There is no reason why the custody of the entire island should not be returned to the traditional Butchulla and Badtjala peoples to oversee the rehabilitatiin and ecological management.

Indeed, Fraser Island should renamed back to the respective indigenous names: K’gari and Gari.

It is time to get serious about ecology.  Simple solution, just takes community will and leadership, like in the 1970s grassroots campaign to originally protect the island from Joh’s sand mining pillage.
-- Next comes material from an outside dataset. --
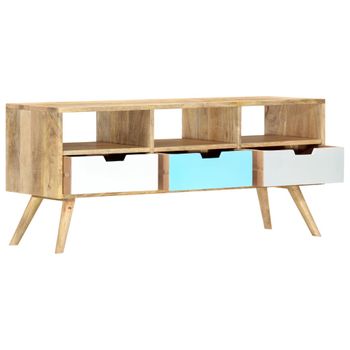 Mueble Para Tv De Madera Maciza De Mango 110x35x48 Cm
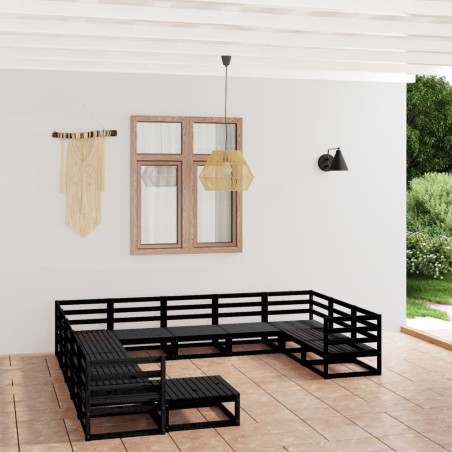 vidaXL Set Divani da Giardino 12 pz in Legno Massello di Pino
Get the tourists off Fraser Island.  Shut down Base Camp Fraser Island, shut down Eurong Beach Resort, shut down Fraser Island Beach Houses, Fraser Island Fishing Units, Fraser Island Hideaway, Fraser View Apartments, Cathedrals on Fraser camping ground, Fraser Island Waiuta Retreat.  Compulsorily acquire their land holdings and put them on the last tourist ferry off the island.

4WD tourist hoons on Fraser Island in 2009
[Source: ‘Overseas tourists drive up Fraser Island 4WD carnage’,
by Tony Moore and Cameron Atfield, Brisbane Times, 20091215,
^http://www.brisbanetimes.com.au/travel/travel-news/overseas-tourists-drive-up-fraser-island-4wd-carnage-20091214-ks6f.html]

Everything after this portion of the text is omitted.